TASK GOAL
Please repeat word for word the line containing "Sandy path between" and every following line up to and including the last one below, pictures excluded.

SUPPLIED DATA
▶

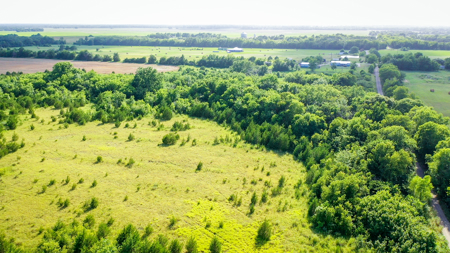 45 Acres of Recreational & Hunting Land For Sale Paris TX, NE TX - image 24
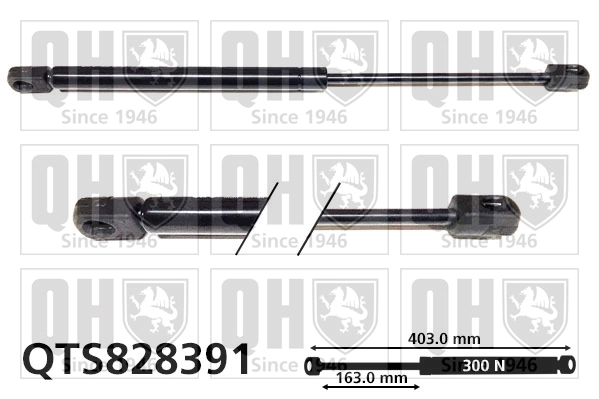 Compre GS0675 Magneti Marelli Amortecedor de tampa de porta-malas (de 3ª/5ª porta traseira)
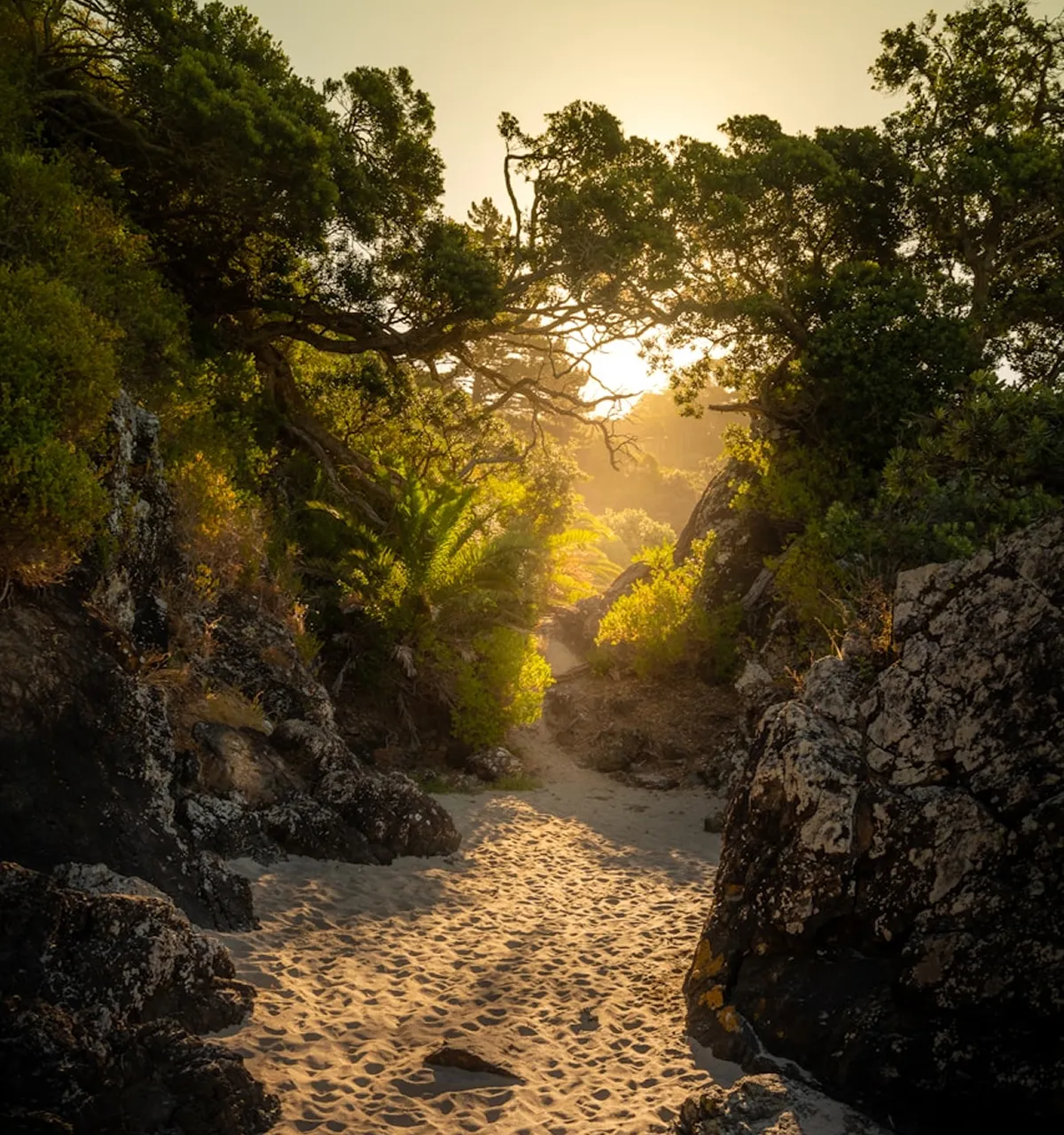 Sandy path between rocks and trees leading toward warm sunlight.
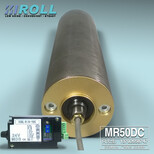 广东迈姆特MR50DC动力滚筒直流电动辊筒配置控制器图片3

◀

EXERCISE RESPONSE
 Sandy path between rocks and trees leading toward warm sunlight.
 广东迈姆特MR50DC动力滚筒直流电动辊筒配置控制器图片3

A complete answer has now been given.